65 000 personnes ? Photo Mario Rafael Quinteros (pour Clarín) |
Clarín
nous a aussi gratifiés d’autres clichés. On y voit Patricia
Bullrich, la présidente du parti ultra-libéral PRO, défiler à
cheval, déguisée en gaucho d’opérette, avec le même visage
crispé que d’habitude. En tout cas, pas du tout celui d’une
bonne cavalière heureuse de monter en pleine campagne comme elle
semble vouloir le dire en adoptant cette tenue « campagnarde ».
Or Patricia Bullrich vient de se discréditer en échouant
lamentablement à se qualifier comme candidate aux élections de
mi-mandat et la presse de droite ne s’est pas privée de commenter
cet échec en long en large et en travers pendant une bonne partie de
la semaine. Le ton du journal (qui lui est plutôt favorable
d’ordinaire, puisque c’est la présidente du Pro) reste ambigu :
est-ce vraiment de l’admiration pour ce « sain »
attachement à un cliché du folklore de la pampa (ici dans son
expression la plus rétrograde) ou une franche rigolade de la
rédaction devant un spectacle grotesque ?
Ce n'est pas la grosse foule, devant la porte de la résidence présidentielle Photo Marcelo Carroll |
Dans plusieurs
villes, la droite a aussi profité de cette date symbolique pour
manifester une nouvelle fois sa sempiternelle colère et se répandre
en slogans haineux. Sans grand succès si on en croit les photos de
presse publiées tant à droite qu’à gauche. Manifestations
clairsemées devant la résidence présidentielle de Olivos, au
nord-ouest de Buenos Aires, et au pied de l’Obélisque, dans la
capitale fédérale. Dans un cas comme dans l’autre, les gestes
barrière n’ont pas vraiment été respectés (ce public a tendance
à nier le danger épidémique). Il y avait pourtant toute la place
nécessaire pour assurer la « distance sociale » entre
les participants. En revanche, à Tucumán, où avaient lieu comme
tous les ans les cérémonies officielles, les mouvements de foule
ont empêché le président de faire les quelques visites inscrites à
son agenda par le gouverneur provincial. Le 17 juin, à Salta,
Alberto Fernández avait déjà eu affaire à des excités qu’il
avait laissé passer pour éviter toute accusation de censure.
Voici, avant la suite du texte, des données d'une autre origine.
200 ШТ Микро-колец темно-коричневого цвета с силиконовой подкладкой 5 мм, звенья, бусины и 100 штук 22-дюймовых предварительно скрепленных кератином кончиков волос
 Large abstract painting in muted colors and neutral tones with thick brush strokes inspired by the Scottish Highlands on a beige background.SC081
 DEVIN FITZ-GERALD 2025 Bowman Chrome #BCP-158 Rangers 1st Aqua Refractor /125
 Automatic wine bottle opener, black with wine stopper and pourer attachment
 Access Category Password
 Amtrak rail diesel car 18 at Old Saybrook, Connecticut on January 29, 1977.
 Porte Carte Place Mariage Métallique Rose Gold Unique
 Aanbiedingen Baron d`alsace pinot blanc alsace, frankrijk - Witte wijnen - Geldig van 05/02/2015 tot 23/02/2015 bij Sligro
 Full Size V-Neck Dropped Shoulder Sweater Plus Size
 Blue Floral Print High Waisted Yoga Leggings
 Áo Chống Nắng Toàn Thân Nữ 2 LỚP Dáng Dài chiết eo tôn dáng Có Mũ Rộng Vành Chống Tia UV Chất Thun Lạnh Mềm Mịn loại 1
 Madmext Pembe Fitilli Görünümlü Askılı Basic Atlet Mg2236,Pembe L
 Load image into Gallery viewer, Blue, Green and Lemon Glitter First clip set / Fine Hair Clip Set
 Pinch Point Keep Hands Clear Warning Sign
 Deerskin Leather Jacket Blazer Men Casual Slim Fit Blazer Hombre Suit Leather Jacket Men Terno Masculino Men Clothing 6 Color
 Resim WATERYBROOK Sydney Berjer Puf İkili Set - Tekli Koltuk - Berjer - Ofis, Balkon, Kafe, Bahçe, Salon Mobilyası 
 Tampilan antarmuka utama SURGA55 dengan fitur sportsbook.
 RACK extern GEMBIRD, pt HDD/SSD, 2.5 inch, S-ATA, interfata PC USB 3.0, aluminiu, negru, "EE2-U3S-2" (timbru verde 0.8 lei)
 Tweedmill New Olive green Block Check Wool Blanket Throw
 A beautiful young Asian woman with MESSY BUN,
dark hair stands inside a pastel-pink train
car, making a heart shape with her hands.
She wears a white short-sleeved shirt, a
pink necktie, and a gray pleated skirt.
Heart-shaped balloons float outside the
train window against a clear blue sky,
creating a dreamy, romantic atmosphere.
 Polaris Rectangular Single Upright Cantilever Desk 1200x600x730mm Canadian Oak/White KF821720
Résultat : cela avait tout de même provoqué un pataquès
politique dans le gouvernement provincial. Il a dû juger qu’il
valait mieux ne pas prendre de risque cette fois-ci. Plutôt que de
risquer de jeter de l’huile sur le feu, il a donc laissé tomber
les visites. Il a eu raison mais la presse de droite n’en fait pas
moins des gorges chaudes.
Il est possible que ces journaux en fassent d’autant plus qu’ils semblent avoir bien du mal à dégonfler l’affaire du matériel de guerre (ou de maintien de l’ordre) envoyé en Bolivie pour soutenir le coup d’État parlementaire de Jeanine Añez contre Evo Morales dans les toutes dernières semaines du mandat présidentiel de Mauricio Macri, lequel savait déjà qu’il allait devoir rendre les clés le 10 décembre.
Les unes de la presse d’opposition restent d’une discrétion inhabituelle pour un tel sujet.
Pour aller
plus loin :
sur la manifestation principale à San Nicolás
lire l’article de Página/12 (on sent qu’ils ont bien rigolé pendant la conférence de rédaction !)
lire l’article de Clarín
sur quelques unes des autres manifestations
Ajout du 11
juillet 2021 :
lire cet
article de Página/12
sur le secteur des exploitations familiales qui a tenu à se
désolidariser de la manifestation de vendredi à San Nicolás et
revendique l’existence d’une politique propre pour leur secteur.
Ajout du 14 juillet 2021 :
Ajout du 15 juillet 2021 :
La
Mesa de Enlace (bureau de coordination des organismes patronaux
agraires) a rendez-vous avec le gouverneur de San Luis. La
Nación reprend sans réserve le chiffre invraisemblable de
65 000 manifestants avancé par le
collectif et que Clarín avait mis en doute.